New SLAC Method Guides Better Cell Slice Preparation for Cryo-ET Imaging

Cryogenic electron tomography delivers near‑atomic 3‑D views of cellular interiors, but its power is limited by the need for ultra‑thin sections—typically under 200 nm—to let electrons pass. Conventional ion‑beam milling can produce such slices, yet researchers often waste time because they cannot verify whether the region of interest remains in the final lamella. This bottleneck hampers studies of low‑abundance structures, from ribosomal subunits to viral entry complexes, and slows the pipeline from sample to insight.

The SLAC team’s tri‑coincident platform solves the visibility problem by merging three instruments into a single, co‑aligned workspace. As the ion beam carves away the cell’s top layers, fluorescent tags on the target emit light that reflects off the freshly exposed surface, creating interference patterns that alternately dim and brighten. Custom software interprets these fluctuations in real time, delivering nanometer‑scale positional feedback. The result is a tenfold increase in milling precision, turning previously elusive targets—demonstrated with a 26‑nm virus—into routine cryo‑ET subjects.

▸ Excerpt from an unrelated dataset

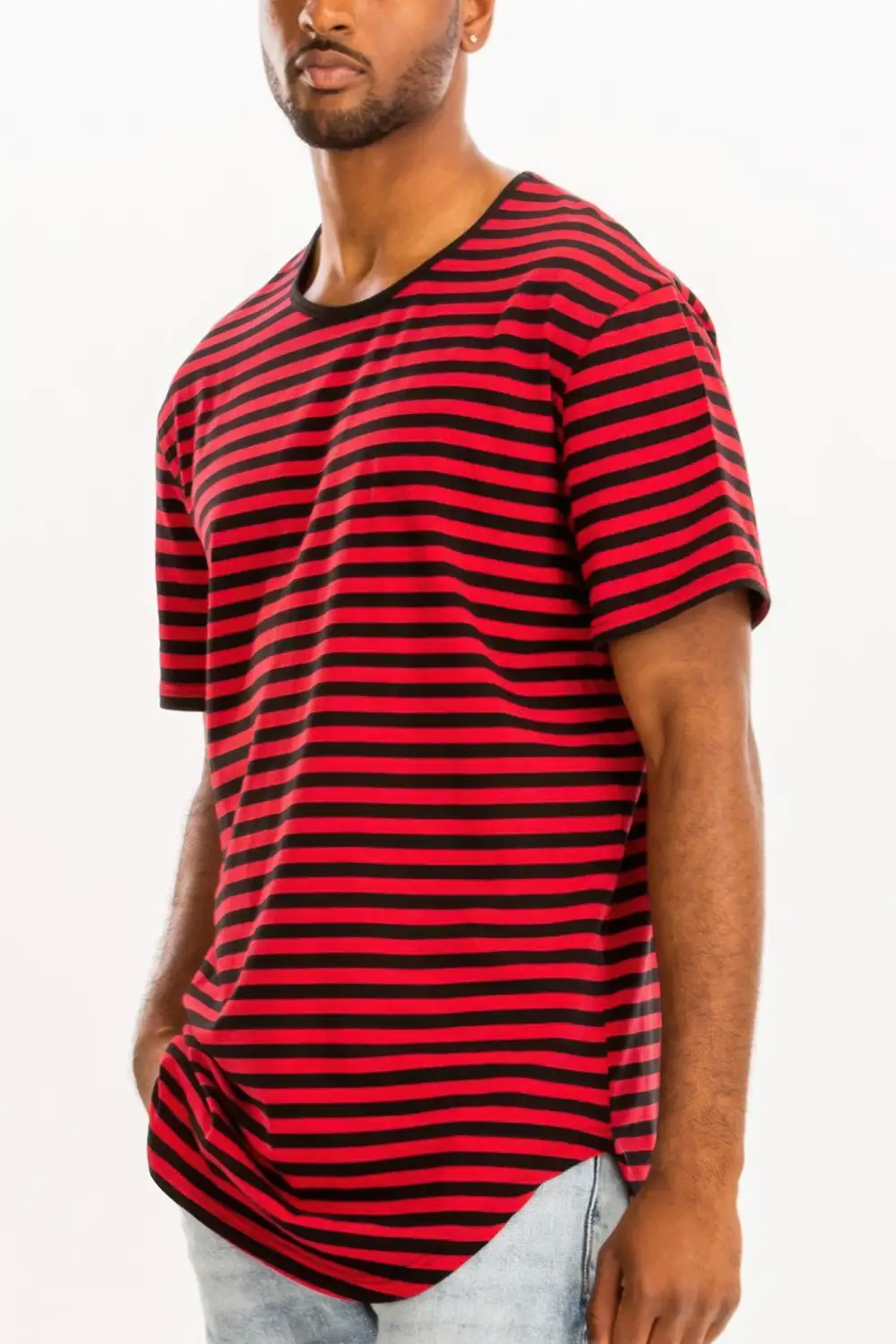 Striped Elongated T-Shirt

Beyond immediate gains in throughput, this method opens new avenues for structural virology, drug discovery, and cell‑biology research that depend on visualizing transient or rare assemblies. By integrating advanced fluorescence modalities—such as super‑resolution or correlative light‑electron techniques—future iterations could push resolution limits further and automate target selection. Funding from DOE, NIH, and the Chan‑Zuckerberg Initiative underscores the broader scientific community’s appetite for tools that bridge optics and electron microscopy, positioning SLAC’s innovation as a catalyst for next‑generation cryo‑ET applications.